» **EXERCISE OBJECTIVE**: Leaving out every picture, transcribe the lines from the line that contains "Metal Sculpture Fish 5 small" to the end of the entries below, both ends included.

» **ENTRIES SHOWN**:
▼

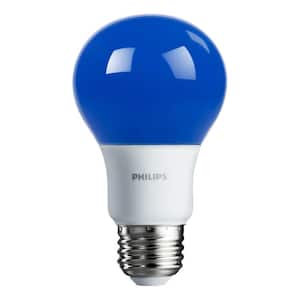 60-Watt Equivalent A19 Non-Dimmable Autism Speaks Blue LED Colored Light Bulb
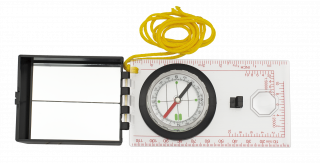 Oil filled compass.Magnifier-maps-mirror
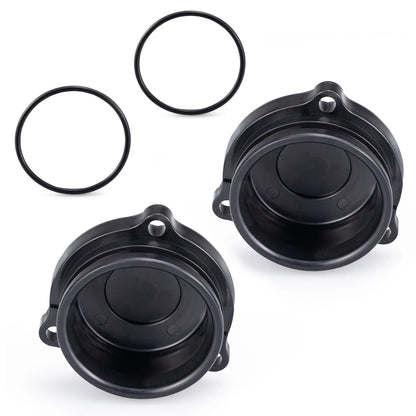 2 Front Wheel Hubcaps for Polaris Xplorer Big Boss Xpedition (250–500)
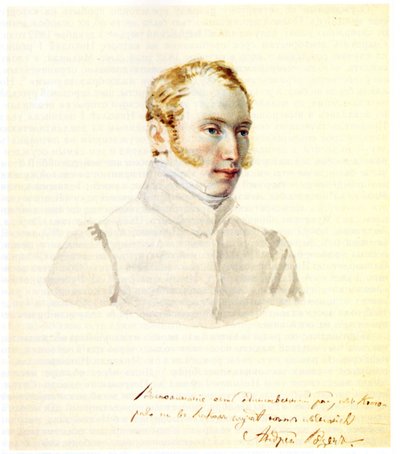 Retrato del Decembrista Barón Andrei von Rosen 1799-1884, 1832 de Nikolai Alexandrovich Bestuzhev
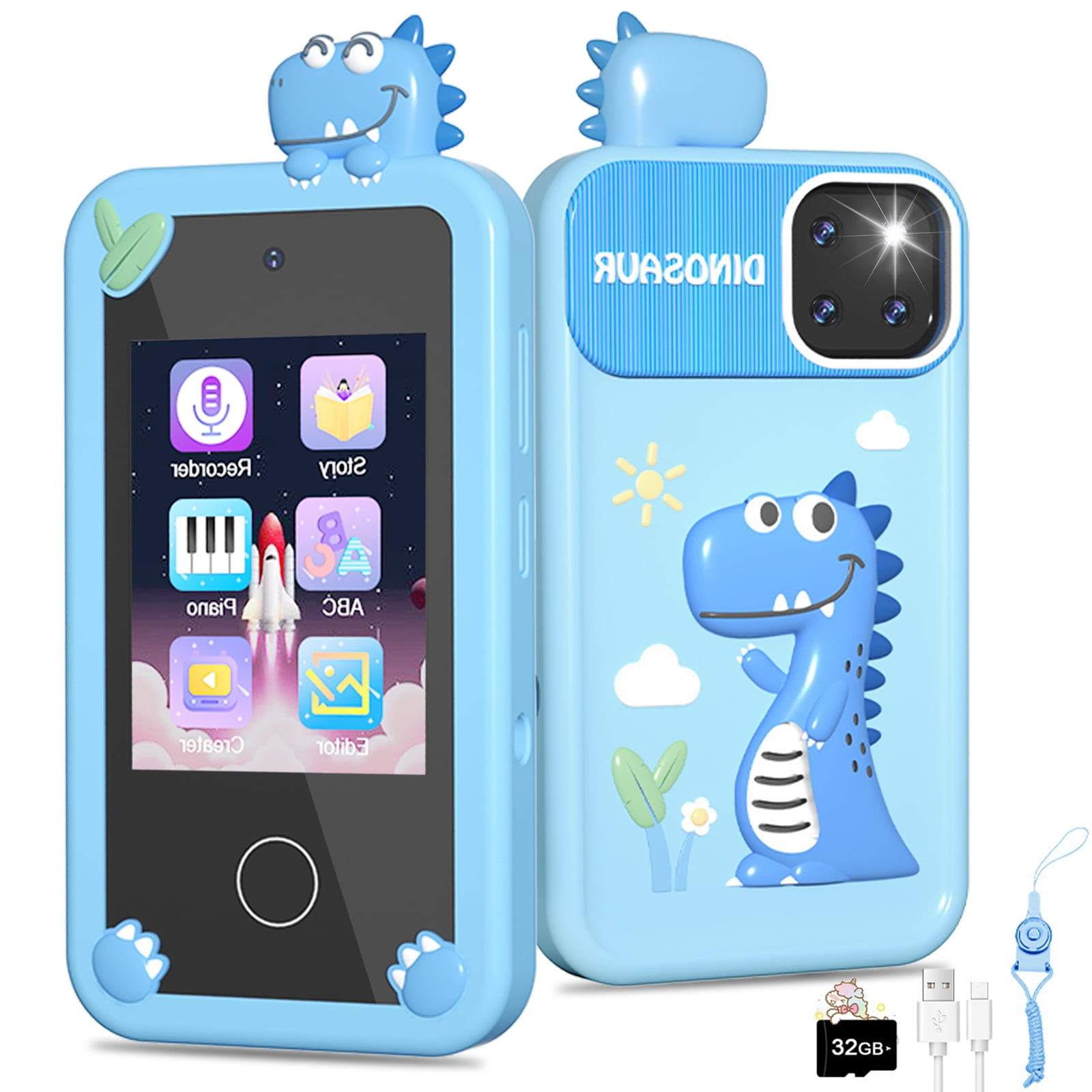 YTKUS Kids Smart Phone - 2.8 Touchscreen, 16 Games, Dual Camera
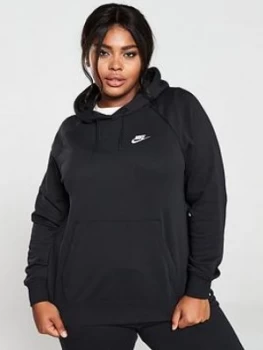 Image of Nike Plus Size Nsw Essential Oth Hoody, Black, Size 18-20=1X, Women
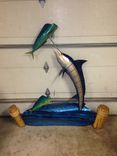 Metal Sculpture Fish 5 small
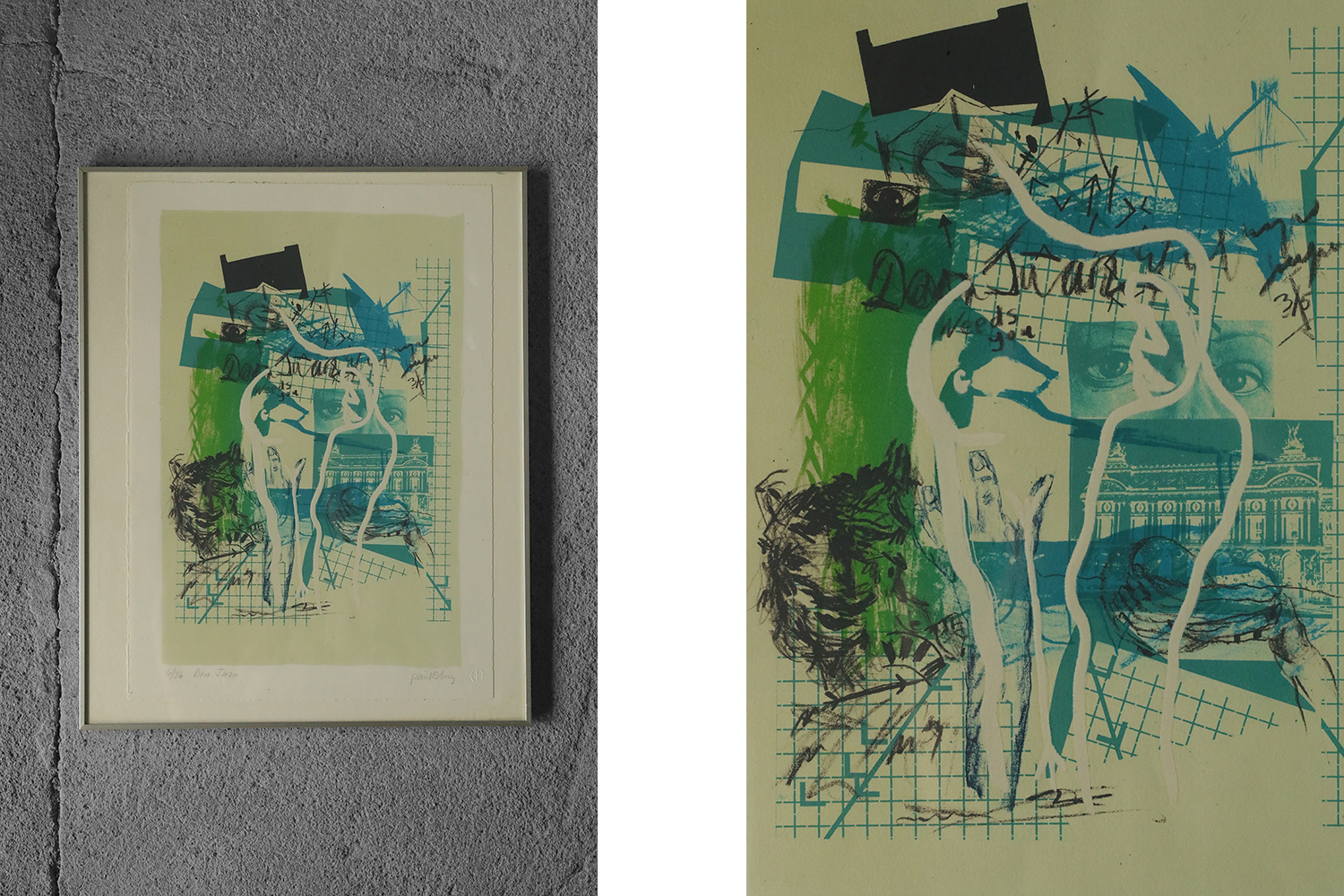 Poul Esting, Don Juan, Color Lithograph, Framed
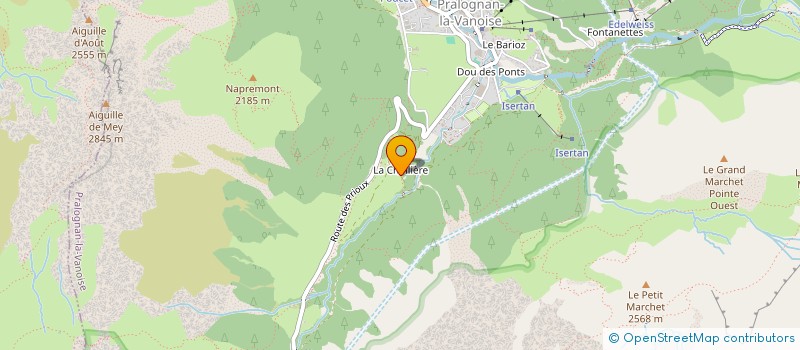 localisation de l'entreprise ASS  COMMERCES  PRALOGNAN-LA-VANOISE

▲

» **ANSWER SECTION**:
 Metal Sculpture Fish 5 small
 Poul Esting, Don Juan, Color Lithograph, Framed
 localisation de l'entreprise ASS  COMMERCES  PRALOGNAN-LA-VANOISE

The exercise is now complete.